Let’s begin with a easy visible Python software utilizing Tkinter. We’ll additionally add voice recognition utilizing OpenAI’s Whisper. The appliance allows as much as 20 seconds of recorded speech. It may be run as follows:

python3 record-transcribe.py

Instance output is proven in Determine 1.

Determine 1. First Iteration.

Second Iteration

Within the subsequent iteration, we’ll add an Audio Waveform. We’ll run this system as follows:

python3 record-transcribe-visualise.py

Instance output is proven in Determine 2.

Determine 2. Second Iteration.

Third Iteration

Within the third and remaining iteration, we’ll take away a text-based response by the appliance and exchange it with speech synthesis. We’ll run this system as follows:

python3 record-transcribe-visualise-speak.py

Instance output is proven in Determine 3.

Determine 3. Third Iteration.

Within the code for all three iterations, we will name the OpenAI Whisper API as an alternative of utilizing the native Whisper set up. To do that, we would uncomment these traces of code within the transcribe_audio perform:

# transcript = openai.Audio.transcribe(
#     mannequin = "whisper-1",
#     file = audio_file,
#     language = "en"
# )

And remark out this line of code:

transcript = mannequin.transcribe(filename)
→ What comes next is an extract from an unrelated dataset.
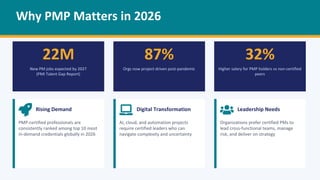 How PMP Certification Transforms Your Career in 2026 | PDF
Nevertheless, calling the OpenAI Whisper API would incur extra prices. The native Whisper set up already offers wonderful outcomes.

Abstract

On this article, we have seen that with out creating vector embeddings, we have been in a position to entry our knowledge fairly successfully utilizing LangChain. Nevertheless, our queries must be extra centered, and we have to perceive the database schema earlier than asking questions. Integrating a speech functionality allows our functions to be extra broadly used.